STATES FACING dwindling resources have cut back on support to public universities and colleges. It’s been seen as an easy way out, since the institutions, unlike many others receiving public funds, could fall back on raising tuition. But the consequences of this disinvestment are a decline in quality and more students denied affordable access to higher education.

The plight of public universities and colleges was recently spotlighted by The Post’s Daniel de Vise in an examination of deteriorating conditions at the University of California at Berkeley. State support has declined from 47 percent of the school’s operating budget in 1991 to 11 percent. Tuition has skyrocketed, faculty have been furloughed, classes are bigger and California students have been turned away in favor of out-of-state residents, who pay more. The University of Michigan has witnessed a decline in state support from 48 percent to 17 percent over two decades, while the University of Virginia experienced a drop from 26 percent to 7 percent.

So alarmed is Virginia Gov. Robert F. McDonnell (R) by his state’s disinvestment (contrasted with Maryland, which has maintained generous support and has frozen tuition) that he’s made higher education a priority. His recently announced biennial budget included a $230 million increase to public universities and colleges that he hopes will slow tuition increases and, with other incentives, better prepare Virginians for work and boost job-creating research. Nonetheless, Virginia still will need more reliable financing for public universities.

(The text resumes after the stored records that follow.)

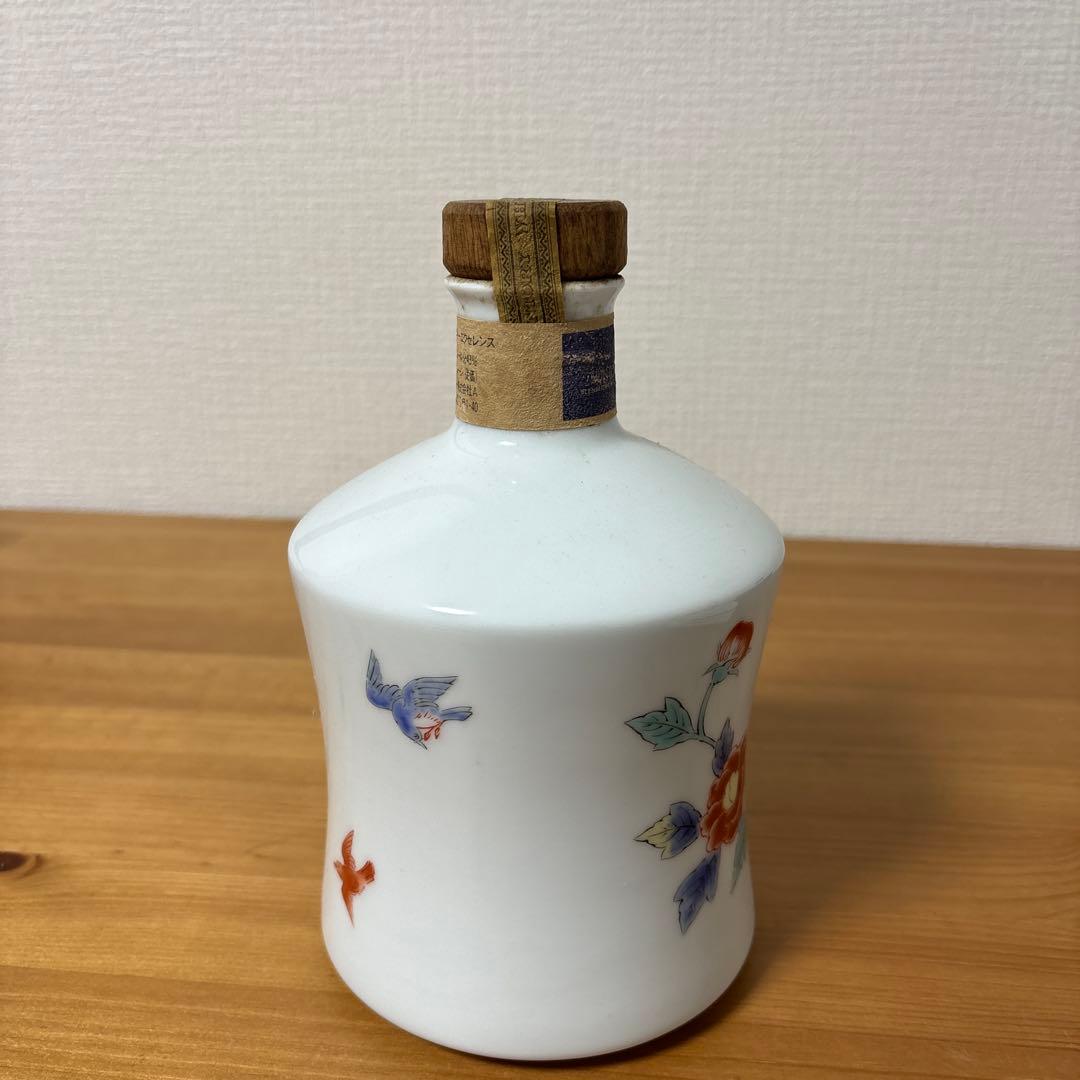 サントリーウイスキー　エクセレンス　有田焼　陶器ボトル　未開封❷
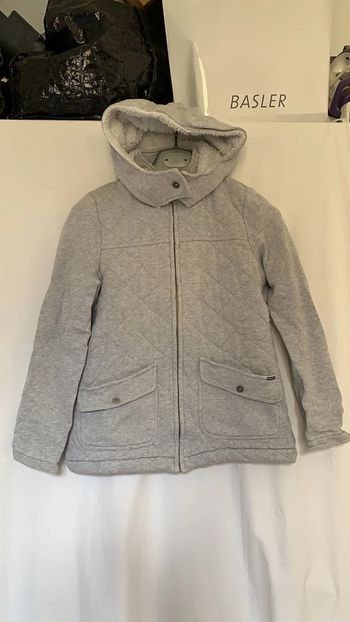 Gilet doublé « maille peluche » avec capuche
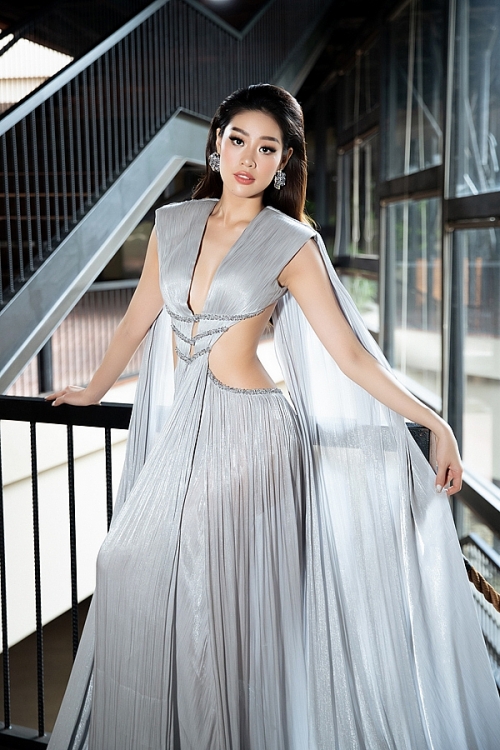 Hoa hậu Khánh Vân khoe vẻ đẹp quyến rũ thướt tha nổi bật giữa dàn hậu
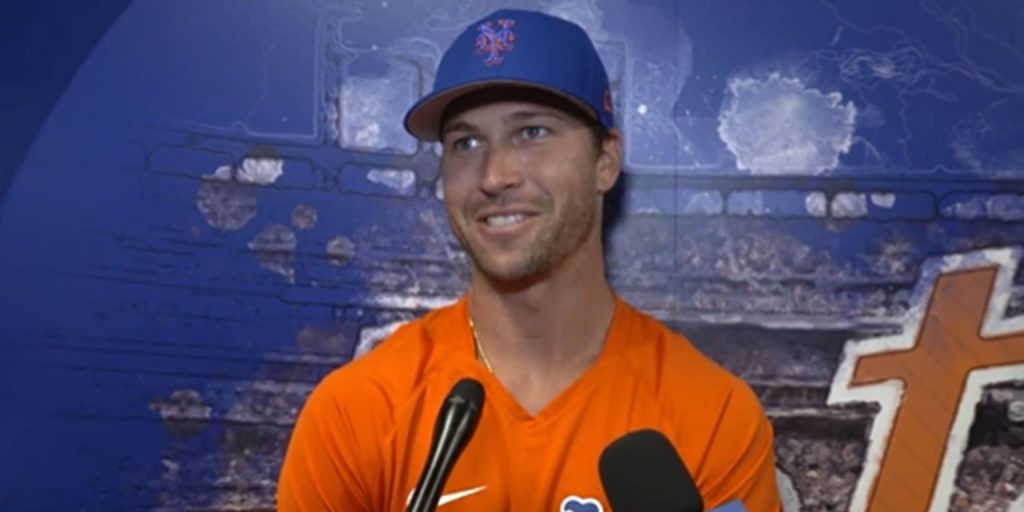 Jacob Degrom discusses rehabilitation for a shoulder blade injury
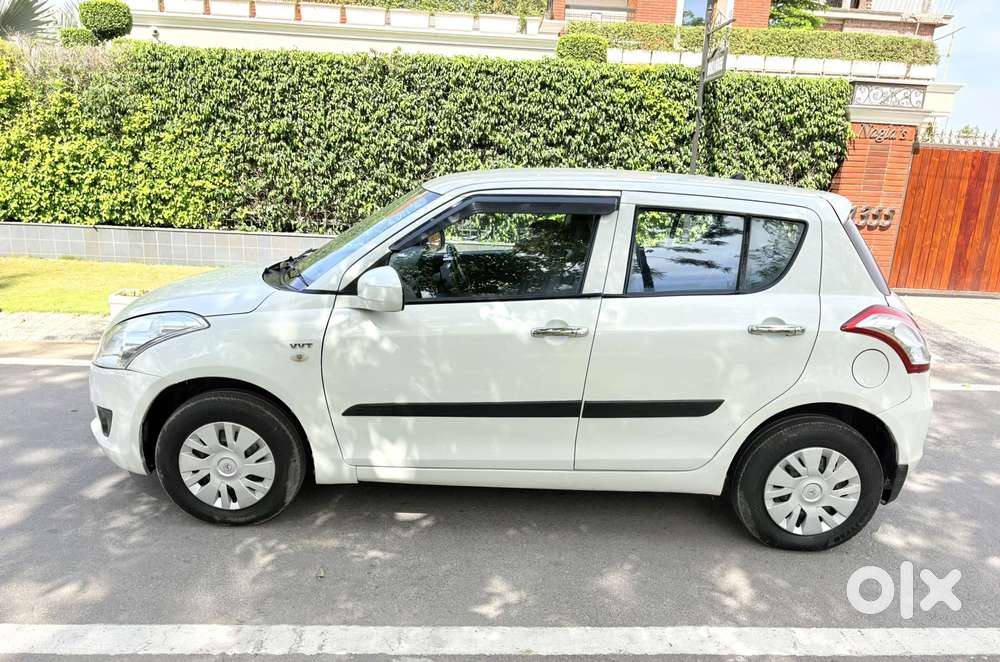 Maruti Suzuki Swift Lxi Optional-o, 2011, Petrol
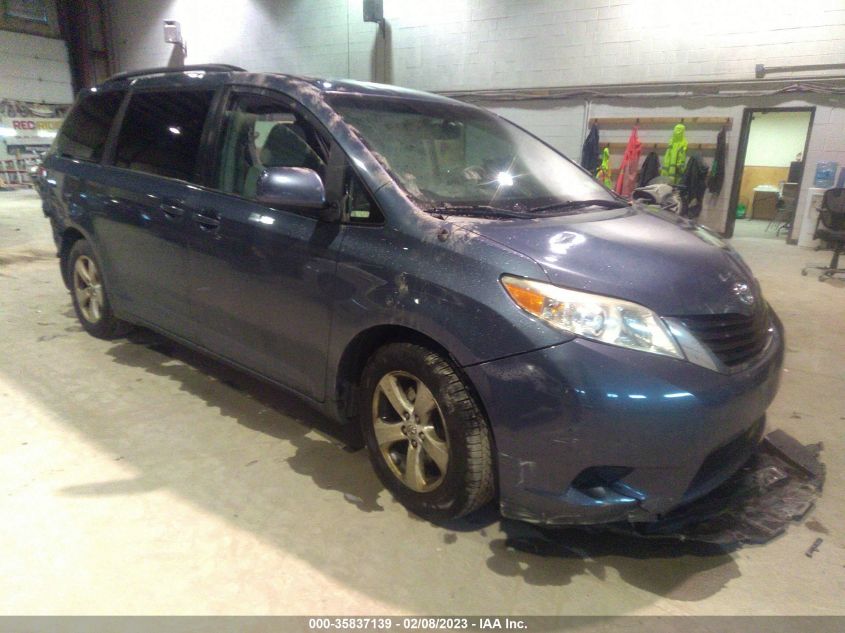 VIN 5TDKK3DC4DS396297 2013 TOYOTA SIENNA no.1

One place to look is the practice of “in-state tuition,” which grants any Virginia resident, regardless of resources or income, a state-subsidized tuition rate that doesn’t come close to paying the cost of the education being provided. Taylor Reveley, president of the College of William and Mary, where state funding declined from 43 percent of the operating budget 30 years ago to 13 percent, has rightly suggested some creative thinking about letting market conditions determine college costs. A student who can afford to pay full freight for college would free funds that could go to financial aid for needy students from lower- and middle-income backgrounds. High-caliber universities able to attract students willing to pay the market rate would free state resources that could go to public schools more in need.

To be sure, colleges need to be smarter about how they spend money. But the challenges confronting public higher education go far beyond the savings that can be realized through efficiency. A commitment of ideas and resources are needed if America is to continue its grand tradition of its citizens bettering themselves — and itself — through education.